----- Data for processing -----

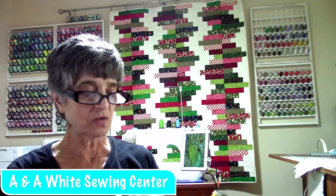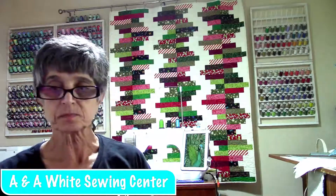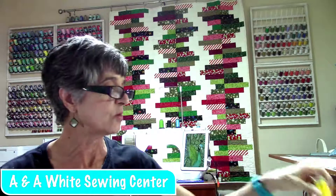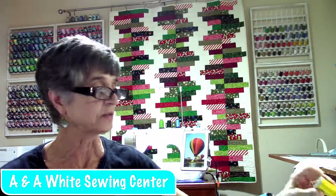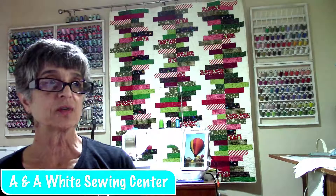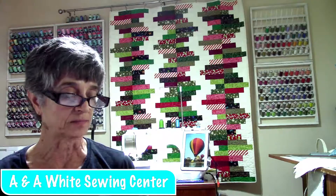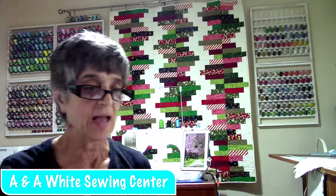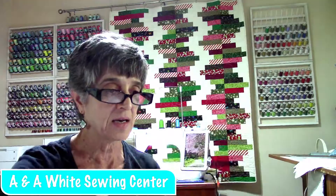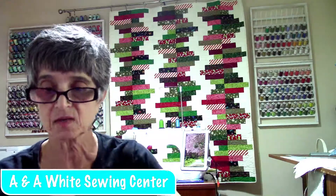I've got a couple things to share with you today. I'm going to show you how to make a quilt label — your own personal quilt label. But before we do that, and while we're waiting on Pam to get herself on, I guess we are live.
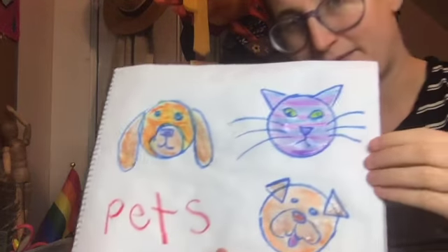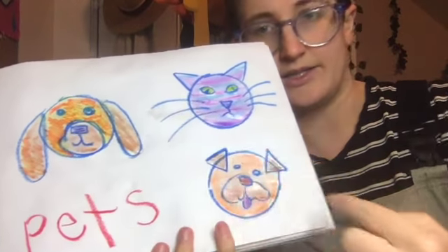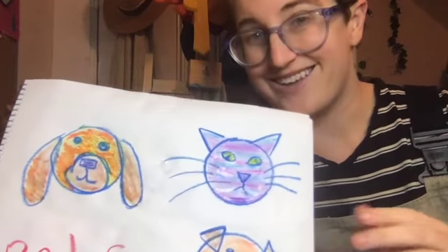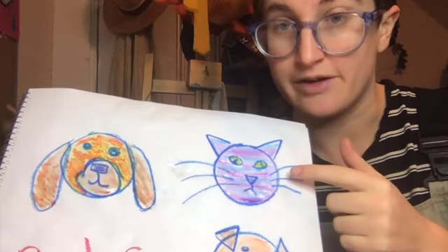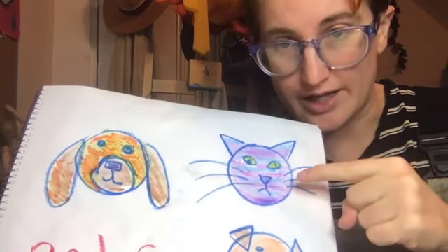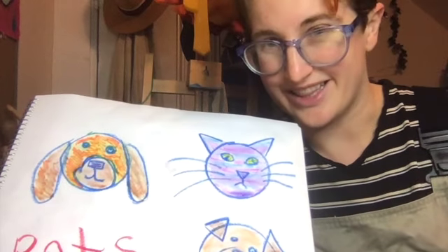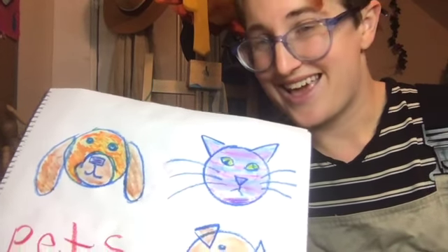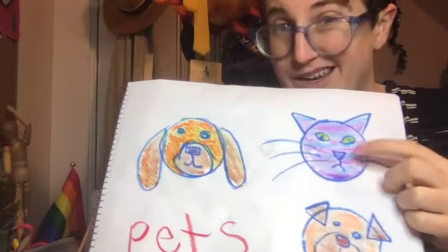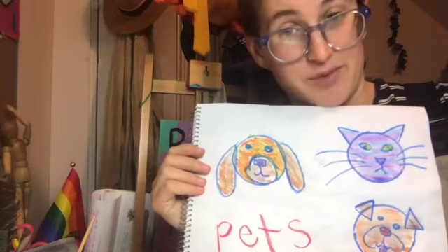Now I wanted to show you something with my color choices. These two dogs are more like what I would call realistic colors, and that's all fun. But with art, you can use your imagination and do kind of a fantasy color — a very imaginative color like this purple cat right here. I've never seen a purple cat, but I think I would love a stuffed animal of a purple cat. You can use your imagination. This one's actually inspired by an artist named Andy Warhol, who did amazing pictures of cats in lovely bright colors.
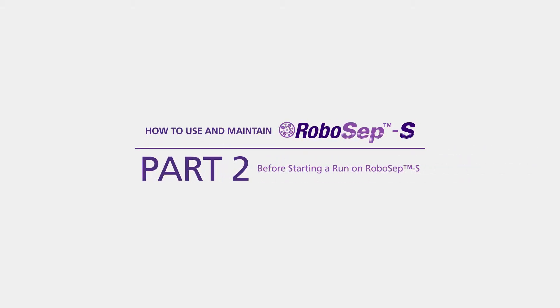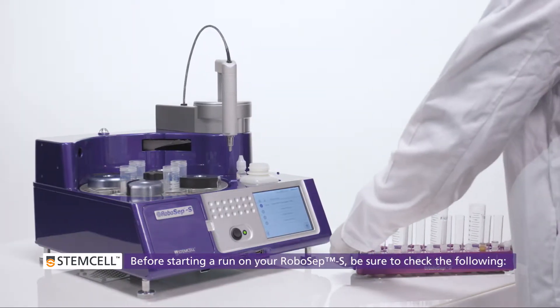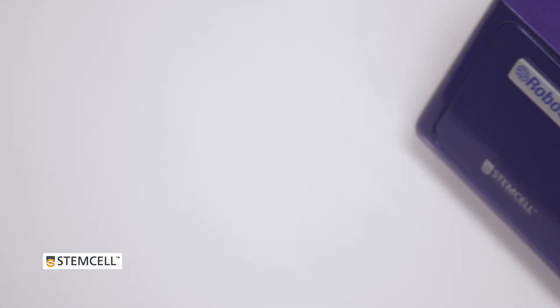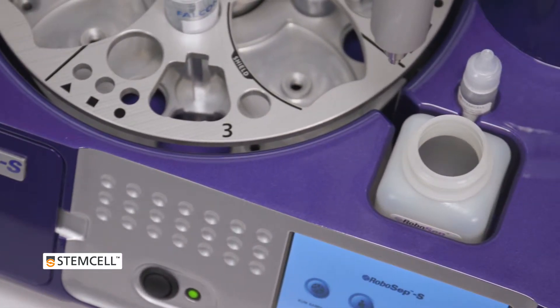Part 2: Before starting a run on RoboSep S. Follow these steps before starting a run on your RoboSep S. First, ensure the hydraulic fluid bottle is at least half full. This will ensure that the machine's hydraulic system doesn't dry out, which would affect pump accuracy and performance.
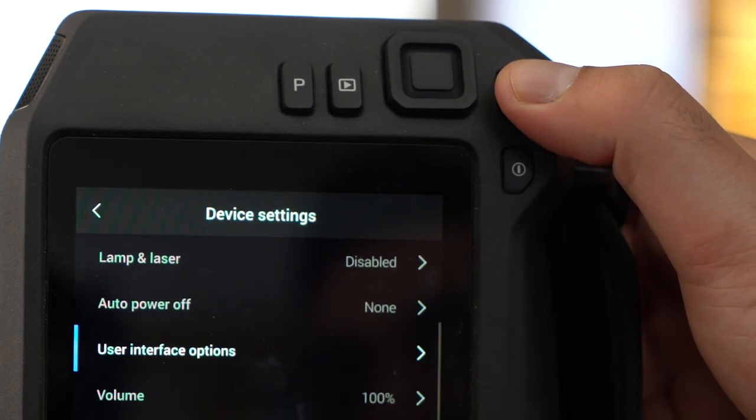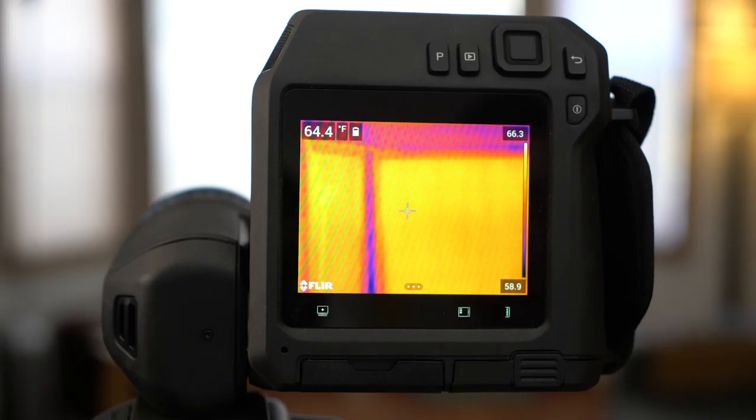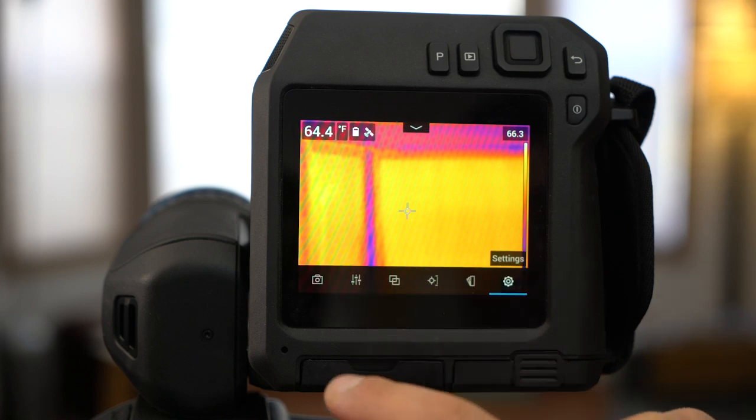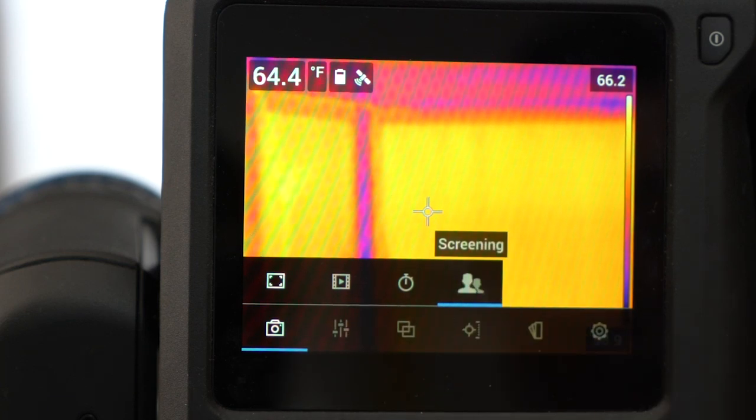Click the back button to exit settings. Now we need to set the imaging mode to screening. Tap on the screen to bring up the menu, click on the camera icon on the far left, and select the screening mode icon on the far right.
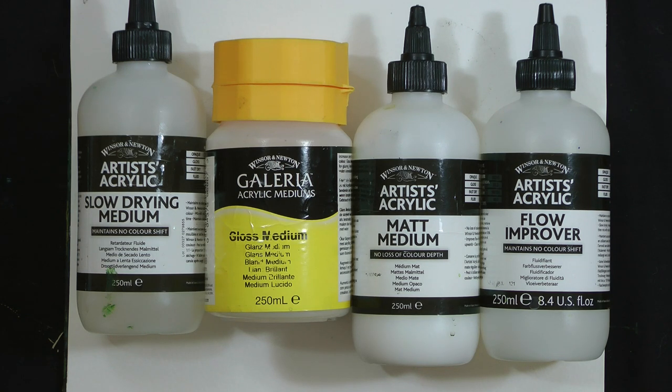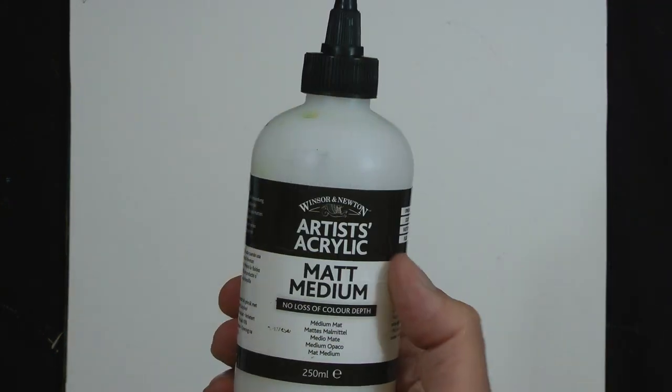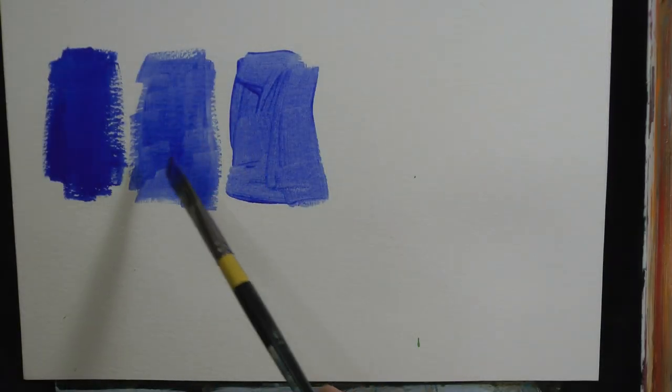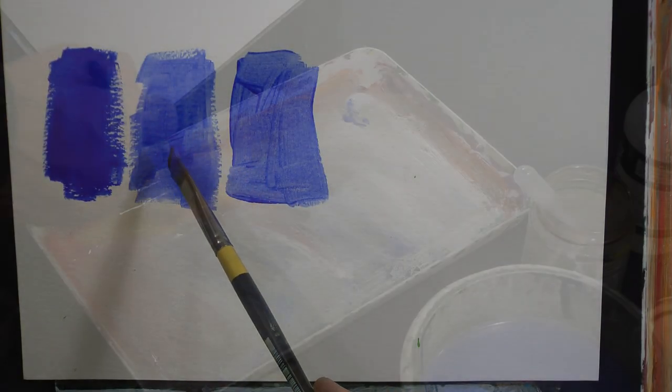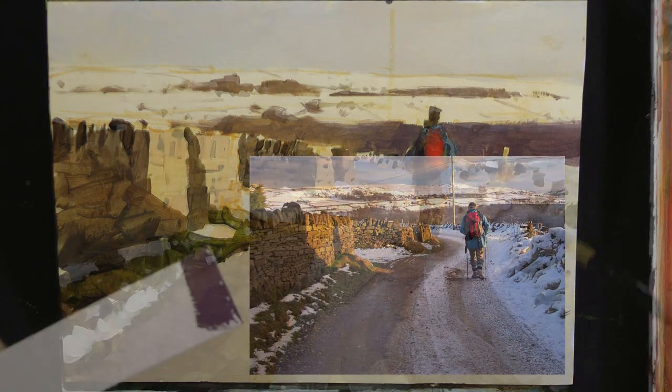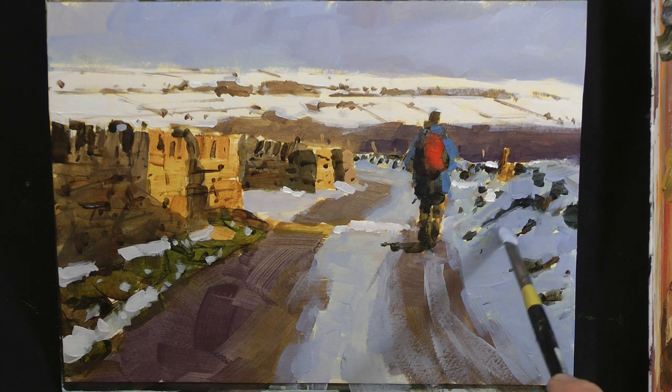What are mediums and why use them? By adding matte medium to neat paint and then using a flow improver, it just helps with adhesion. It's always good to check out your color before you apply it, so check it away from the light.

-----

## Task
Each record is to be restated word for word; no picture goes in.

## Reply to the exercise
I've got a couple things to share with you today. I'm going to show you how to make a quilt label — your own personal quilt label. But before we do that, and while we're waiting on Pam to get herself on, I guess we are live.
Now I wanted to show you something with my color choices. These two dogs are more like what I would call realistic colors, and that's all fun. But with art, you can use your imagination and do kind of a fantasy color — a very imaginative color like this purple cat right here. I've never seen a purple cat, but I think I would love a stuffed animal of a purple cat. You can use your imagination. This one's actually inspired by an artist named Andy Warhol, who did amazing pictures of cats in lovely bright colors.
Part 2: Before starting a run on RoboSep S. Follow these steps before starting a run on your RoboSep S. First, ensure the hydraulic fluid bottle is at least half full. This will ensure that the machine's hydraulic system doesn't dry out, which would affect pump accuracy and performance.
Click the back button to exit settings. Now we need to set the imaging mode to screening. Tap on the screen to bring up the menu, click on the camera icon on the far left, and select the screening mode icon on the far right.
What are mediums and why use them? By adding matte medium to neat paint and then using a flow improver, it just helps with adhesion. It's always good to check out your color before you apply it, so check it away from the light.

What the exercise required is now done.